[Extracted data entries]
+ + + +

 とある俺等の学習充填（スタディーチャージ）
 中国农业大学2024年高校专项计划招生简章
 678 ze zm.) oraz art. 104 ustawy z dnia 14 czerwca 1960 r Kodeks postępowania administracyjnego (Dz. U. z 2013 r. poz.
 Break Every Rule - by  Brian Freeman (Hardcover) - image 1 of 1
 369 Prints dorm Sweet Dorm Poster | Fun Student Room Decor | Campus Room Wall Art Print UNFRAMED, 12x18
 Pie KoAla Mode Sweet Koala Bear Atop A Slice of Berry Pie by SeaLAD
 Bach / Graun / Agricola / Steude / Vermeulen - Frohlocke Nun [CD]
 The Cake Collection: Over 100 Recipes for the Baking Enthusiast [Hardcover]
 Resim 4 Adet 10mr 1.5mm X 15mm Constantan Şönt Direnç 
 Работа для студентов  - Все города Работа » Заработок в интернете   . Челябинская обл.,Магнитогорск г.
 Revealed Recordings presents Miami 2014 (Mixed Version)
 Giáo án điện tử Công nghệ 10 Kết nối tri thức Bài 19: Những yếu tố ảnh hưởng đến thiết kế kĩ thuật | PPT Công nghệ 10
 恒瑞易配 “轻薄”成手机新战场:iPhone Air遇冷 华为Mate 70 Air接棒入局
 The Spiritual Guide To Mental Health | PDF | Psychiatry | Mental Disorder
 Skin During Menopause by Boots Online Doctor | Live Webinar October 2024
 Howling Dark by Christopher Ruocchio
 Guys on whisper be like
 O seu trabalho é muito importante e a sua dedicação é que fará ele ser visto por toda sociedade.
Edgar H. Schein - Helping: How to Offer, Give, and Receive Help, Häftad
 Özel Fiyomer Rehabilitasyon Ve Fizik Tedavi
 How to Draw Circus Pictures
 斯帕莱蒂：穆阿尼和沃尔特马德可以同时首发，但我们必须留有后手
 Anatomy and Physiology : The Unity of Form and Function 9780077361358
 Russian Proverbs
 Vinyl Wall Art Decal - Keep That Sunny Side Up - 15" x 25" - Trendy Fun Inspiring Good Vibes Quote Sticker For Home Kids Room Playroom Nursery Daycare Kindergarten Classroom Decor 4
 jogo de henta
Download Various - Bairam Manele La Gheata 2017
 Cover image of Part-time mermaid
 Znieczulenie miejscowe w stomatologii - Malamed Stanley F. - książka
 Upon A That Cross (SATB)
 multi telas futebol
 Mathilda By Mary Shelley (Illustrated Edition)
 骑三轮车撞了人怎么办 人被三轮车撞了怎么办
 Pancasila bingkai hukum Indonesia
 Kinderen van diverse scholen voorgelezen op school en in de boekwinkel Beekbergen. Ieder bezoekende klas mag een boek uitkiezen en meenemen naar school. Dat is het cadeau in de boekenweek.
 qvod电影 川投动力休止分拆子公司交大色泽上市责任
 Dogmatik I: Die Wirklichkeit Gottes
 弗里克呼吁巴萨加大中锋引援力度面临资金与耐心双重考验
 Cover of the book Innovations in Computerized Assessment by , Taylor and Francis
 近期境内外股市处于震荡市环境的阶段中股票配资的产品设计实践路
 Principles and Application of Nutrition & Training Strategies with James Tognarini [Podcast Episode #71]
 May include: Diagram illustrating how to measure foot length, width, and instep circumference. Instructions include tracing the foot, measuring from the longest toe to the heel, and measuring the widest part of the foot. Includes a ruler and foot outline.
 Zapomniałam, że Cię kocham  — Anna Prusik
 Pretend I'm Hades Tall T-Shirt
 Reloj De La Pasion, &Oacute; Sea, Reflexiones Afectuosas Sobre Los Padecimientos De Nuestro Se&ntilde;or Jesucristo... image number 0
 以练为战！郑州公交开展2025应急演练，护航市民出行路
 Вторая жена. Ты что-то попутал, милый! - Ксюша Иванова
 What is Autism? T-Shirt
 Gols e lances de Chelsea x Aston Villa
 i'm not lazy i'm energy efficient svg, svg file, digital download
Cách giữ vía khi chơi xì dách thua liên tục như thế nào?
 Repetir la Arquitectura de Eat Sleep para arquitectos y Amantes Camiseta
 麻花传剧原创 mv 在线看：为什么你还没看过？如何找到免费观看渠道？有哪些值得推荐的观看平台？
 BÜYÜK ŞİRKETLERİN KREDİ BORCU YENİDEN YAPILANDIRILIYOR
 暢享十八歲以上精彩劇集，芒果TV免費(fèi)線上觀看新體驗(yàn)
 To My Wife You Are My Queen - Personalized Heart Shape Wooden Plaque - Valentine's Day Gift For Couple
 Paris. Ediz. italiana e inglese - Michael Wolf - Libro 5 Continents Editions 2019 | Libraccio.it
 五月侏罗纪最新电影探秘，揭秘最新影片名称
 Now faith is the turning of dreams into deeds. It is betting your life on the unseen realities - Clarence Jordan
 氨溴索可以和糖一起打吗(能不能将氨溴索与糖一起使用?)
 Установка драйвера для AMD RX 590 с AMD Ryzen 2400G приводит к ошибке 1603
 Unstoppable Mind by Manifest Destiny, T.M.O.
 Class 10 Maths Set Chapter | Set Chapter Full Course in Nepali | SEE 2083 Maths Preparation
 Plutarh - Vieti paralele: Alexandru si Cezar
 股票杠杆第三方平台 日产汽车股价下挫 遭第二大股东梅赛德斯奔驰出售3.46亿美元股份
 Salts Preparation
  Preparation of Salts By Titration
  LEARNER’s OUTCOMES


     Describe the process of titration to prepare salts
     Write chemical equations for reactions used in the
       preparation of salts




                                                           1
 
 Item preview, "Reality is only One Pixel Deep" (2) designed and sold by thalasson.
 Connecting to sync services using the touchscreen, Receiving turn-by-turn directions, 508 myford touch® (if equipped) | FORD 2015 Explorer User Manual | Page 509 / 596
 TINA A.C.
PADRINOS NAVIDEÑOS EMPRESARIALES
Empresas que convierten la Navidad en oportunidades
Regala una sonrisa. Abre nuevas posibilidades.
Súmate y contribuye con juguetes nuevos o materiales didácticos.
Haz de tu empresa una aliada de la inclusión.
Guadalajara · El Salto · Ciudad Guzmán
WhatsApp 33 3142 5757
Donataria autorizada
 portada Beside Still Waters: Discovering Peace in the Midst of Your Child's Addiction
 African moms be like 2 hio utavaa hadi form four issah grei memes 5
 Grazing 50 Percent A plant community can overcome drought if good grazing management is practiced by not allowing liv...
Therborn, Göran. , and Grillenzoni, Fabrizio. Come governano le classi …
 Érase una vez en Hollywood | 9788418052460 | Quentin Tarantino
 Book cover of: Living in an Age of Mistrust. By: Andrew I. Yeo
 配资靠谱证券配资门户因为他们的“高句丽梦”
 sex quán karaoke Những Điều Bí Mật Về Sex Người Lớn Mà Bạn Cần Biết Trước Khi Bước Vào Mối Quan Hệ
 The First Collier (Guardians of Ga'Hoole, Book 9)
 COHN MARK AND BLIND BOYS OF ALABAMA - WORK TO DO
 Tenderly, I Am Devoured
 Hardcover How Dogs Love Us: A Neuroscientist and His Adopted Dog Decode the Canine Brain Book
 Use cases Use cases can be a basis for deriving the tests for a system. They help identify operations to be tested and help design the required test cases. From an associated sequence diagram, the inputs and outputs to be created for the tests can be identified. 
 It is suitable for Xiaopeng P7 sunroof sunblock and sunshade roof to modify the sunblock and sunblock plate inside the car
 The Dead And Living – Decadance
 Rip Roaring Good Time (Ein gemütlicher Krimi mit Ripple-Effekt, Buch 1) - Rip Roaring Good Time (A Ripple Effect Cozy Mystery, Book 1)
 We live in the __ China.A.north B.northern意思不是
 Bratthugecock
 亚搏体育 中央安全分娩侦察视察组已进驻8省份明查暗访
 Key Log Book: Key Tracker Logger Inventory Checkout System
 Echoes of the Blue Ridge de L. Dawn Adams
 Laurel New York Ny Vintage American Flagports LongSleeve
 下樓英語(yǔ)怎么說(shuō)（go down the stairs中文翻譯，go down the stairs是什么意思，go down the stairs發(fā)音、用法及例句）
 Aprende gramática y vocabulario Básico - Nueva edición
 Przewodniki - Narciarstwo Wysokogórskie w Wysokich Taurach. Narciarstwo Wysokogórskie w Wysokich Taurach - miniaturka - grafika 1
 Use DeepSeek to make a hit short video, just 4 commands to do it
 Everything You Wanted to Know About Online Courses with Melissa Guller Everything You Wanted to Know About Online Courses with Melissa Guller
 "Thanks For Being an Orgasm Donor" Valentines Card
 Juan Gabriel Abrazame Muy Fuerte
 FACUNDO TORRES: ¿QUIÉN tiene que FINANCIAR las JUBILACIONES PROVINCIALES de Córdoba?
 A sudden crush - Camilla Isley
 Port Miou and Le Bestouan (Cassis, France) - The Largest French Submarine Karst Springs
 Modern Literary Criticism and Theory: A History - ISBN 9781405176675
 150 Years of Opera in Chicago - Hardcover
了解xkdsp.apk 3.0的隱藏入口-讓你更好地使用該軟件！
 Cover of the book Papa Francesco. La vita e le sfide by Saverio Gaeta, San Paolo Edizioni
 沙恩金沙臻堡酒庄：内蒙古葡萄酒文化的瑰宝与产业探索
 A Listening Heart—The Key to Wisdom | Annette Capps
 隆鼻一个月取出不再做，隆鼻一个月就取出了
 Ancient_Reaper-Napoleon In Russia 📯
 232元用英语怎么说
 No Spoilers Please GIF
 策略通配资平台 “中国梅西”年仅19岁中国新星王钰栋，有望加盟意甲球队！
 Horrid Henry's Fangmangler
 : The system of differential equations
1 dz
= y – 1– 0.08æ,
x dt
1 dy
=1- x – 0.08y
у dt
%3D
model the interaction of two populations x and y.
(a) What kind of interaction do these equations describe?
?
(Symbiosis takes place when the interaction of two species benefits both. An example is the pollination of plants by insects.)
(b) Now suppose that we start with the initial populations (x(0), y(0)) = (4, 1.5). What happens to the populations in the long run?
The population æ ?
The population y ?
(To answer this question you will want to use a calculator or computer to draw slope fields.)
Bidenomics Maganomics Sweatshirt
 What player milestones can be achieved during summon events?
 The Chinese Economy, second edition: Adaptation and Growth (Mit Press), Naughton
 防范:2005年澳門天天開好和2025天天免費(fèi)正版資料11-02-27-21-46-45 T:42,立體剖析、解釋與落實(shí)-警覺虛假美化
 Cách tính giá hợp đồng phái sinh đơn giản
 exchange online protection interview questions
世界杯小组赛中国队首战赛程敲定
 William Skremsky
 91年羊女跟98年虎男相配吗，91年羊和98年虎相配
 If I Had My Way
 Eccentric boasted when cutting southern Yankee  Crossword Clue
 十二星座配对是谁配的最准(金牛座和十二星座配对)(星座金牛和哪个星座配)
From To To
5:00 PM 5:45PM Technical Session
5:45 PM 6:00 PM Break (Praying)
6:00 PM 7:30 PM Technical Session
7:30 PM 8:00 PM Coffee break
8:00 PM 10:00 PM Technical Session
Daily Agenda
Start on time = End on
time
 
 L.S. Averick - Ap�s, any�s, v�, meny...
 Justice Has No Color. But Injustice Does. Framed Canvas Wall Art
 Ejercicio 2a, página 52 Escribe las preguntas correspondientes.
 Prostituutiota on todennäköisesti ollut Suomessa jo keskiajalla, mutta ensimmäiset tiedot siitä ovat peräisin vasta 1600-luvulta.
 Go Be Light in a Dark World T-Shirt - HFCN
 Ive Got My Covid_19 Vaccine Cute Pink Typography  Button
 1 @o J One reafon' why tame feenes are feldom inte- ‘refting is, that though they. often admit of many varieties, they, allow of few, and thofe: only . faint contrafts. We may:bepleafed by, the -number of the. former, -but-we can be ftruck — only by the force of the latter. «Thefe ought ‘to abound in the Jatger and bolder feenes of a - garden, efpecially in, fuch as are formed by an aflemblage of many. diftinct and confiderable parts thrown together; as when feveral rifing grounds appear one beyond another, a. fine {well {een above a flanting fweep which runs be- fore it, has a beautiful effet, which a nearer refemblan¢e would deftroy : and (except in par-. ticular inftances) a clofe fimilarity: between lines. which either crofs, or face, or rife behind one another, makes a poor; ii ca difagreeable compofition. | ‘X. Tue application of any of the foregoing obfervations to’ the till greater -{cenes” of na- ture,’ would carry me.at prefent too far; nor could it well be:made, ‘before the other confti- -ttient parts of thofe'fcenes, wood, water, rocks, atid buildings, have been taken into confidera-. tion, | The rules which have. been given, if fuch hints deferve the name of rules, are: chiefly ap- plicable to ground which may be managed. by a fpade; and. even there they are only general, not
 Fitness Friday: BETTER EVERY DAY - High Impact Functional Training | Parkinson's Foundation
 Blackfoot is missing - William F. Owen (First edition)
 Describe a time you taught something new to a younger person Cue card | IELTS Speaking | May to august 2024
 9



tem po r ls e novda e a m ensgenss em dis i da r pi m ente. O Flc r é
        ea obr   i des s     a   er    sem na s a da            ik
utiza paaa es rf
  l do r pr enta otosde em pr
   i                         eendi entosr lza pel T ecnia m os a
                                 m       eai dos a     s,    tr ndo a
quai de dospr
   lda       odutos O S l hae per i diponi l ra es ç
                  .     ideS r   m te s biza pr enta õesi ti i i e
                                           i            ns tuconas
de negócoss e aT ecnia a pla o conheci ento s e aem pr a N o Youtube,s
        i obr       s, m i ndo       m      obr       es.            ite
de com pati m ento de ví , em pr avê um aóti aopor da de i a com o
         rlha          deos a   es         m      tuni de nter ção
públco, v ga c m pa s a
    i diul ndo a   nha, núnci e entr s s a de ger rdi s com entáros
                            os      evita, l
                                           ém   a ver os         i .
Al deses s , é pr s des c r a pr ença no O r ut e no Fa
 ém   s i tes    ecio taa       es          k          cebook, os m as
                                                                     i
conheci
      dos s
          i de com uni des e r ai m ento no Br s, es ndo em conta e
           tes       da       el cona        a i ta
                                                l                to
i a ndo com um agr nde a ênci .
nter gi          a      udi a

+ + + +

# [What the task requires]
The lines above, starting at the one with "Echoes of the Blue Ridge de L. Dawn Adams" and ending at the one with "Aprende gramática y", are the only ones to return, exactly as written.

# [Exercise result]
 Echoes of the Blue Ridge de L. Dawn Adams
 Laurel New York Ny Vintage American Flagports LongSleeve
 下樓英語(yǔ)怎么說(shuō)（go down the stairs中文翻譯，go down the stairs是什么意思，go down the stairs發(fā)音、用法及例句）
 Aprende gramática y vocabulario Básico - Nueva edición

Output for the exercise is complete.